Tuesday, September 08, 2009

[Conf] Zurich Open Source Jam

On August 13th, more than 50 other people, interested in open source software, attended the 8th Google Open Source Jam in Zurich, which is an informal (bar-camp like) meet-up at Zurich office (also available in other parts of the world) and a perfect opportunity to meet other open source developers as well as Google engineers in a relaxed atmosphere. As it is open to everyone, people held several lightning talks on a great variety of topics:
  • "G-WAN", Pierre Gauthier
  • "Dynamics of Open Source code", Markus Geipel
  • "Involving students in Open Source", Lukas Lang
  • "Open Source in Africa", Michel Pauli
  • "BTstack", Matthias Ringwald
  • "Free Software & basic income", Thomas Koch
  • "NxOS, an OS platform for Lego", David Anderson
  • "Open Source in the Humanities", Tara Andrews
My talk was related to open source student projects, accomplished within the scope of the course "Advance Software Engineering", held at QSE. Four projects were completed successfully in the last two years and got integrated to the codebase:
Similar to Summer of Code, these students have been mentored by experienced open source committers from the Apache Software Foundation and the Codehaus. Developers and students, participating in open source projects themselves, commented a lot on this topic: "I wish, I had something similar when I was a studying", said a Google engineer.

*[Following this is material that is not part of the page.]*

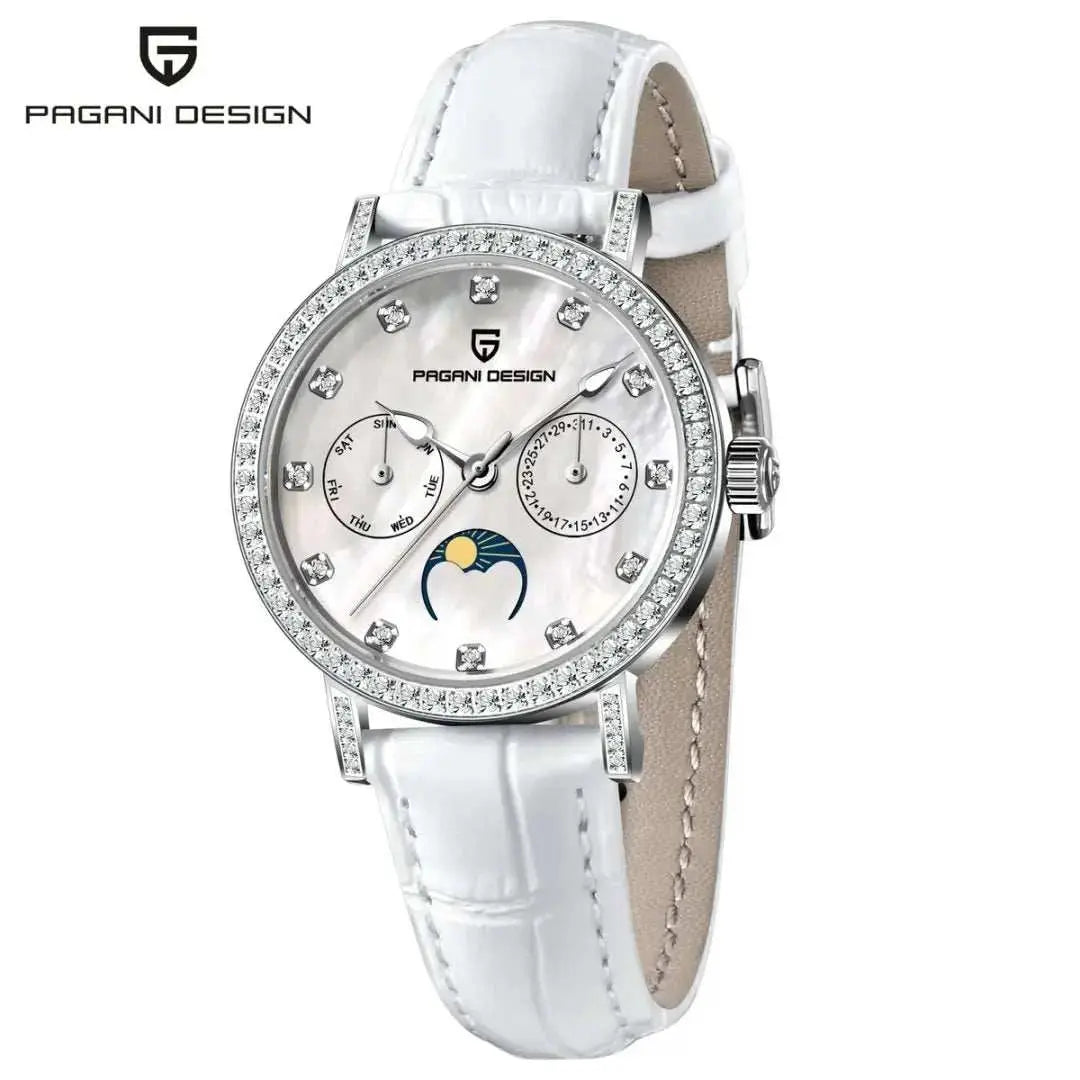 PAGANI DESIGN Women Quartz Watch Mop Dial Diamond Bezel Moon Phase Week Date Multi-function 50M Waterproof White Leather watch Khamik Shop Online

Afterwards, we continued to have interesting discussions. After some time I found myself in an exciting discussion on software engineering at Google. First off, I'd like to mention that employees never make clear statements concerning their work as they are bound to confidentiality. Even though no specific software development process was confirmed, one could identify tendencies:

Don't repeat yourself (DRY). Code and software reuse as a basic principle. The Google Code repository was created as a collaborative platform to manage, document and review free/libre open source software (FLOSS) projects. Indeed, employees spend up to 20% of their time contributing to open source projects.

Don't reinvent the wheel. "At Google we don't reinvent the wheel, we vaporize our own rubber", told me one of the engineers (they use heaps of metaphors like this) meaning that a vast majority of the software in production use is built on top of parts or complete open source libraries. Aside from releasing software like the Web Toolkit, Android, Chromium, etc. back into open source, Google contributes to a diversity of FLOSS projects (e.g. Linux kernel, Apache projects, MySQL, Mozilla Firefox) [1]. However, they keep implementations of key technologies a secret claiming that for instance their webserver, apparently a Tomcat re-write, was "to specific to benefit from" or just don't publish it for competitive reasons [1]. The same goes for Google File System (GFS), BigTable and MapReduce. In a nutshell, scientific publishing [2] of these core technologies at least led to great open source implementations (e.g. Apache Hadoop) which are open to everyone.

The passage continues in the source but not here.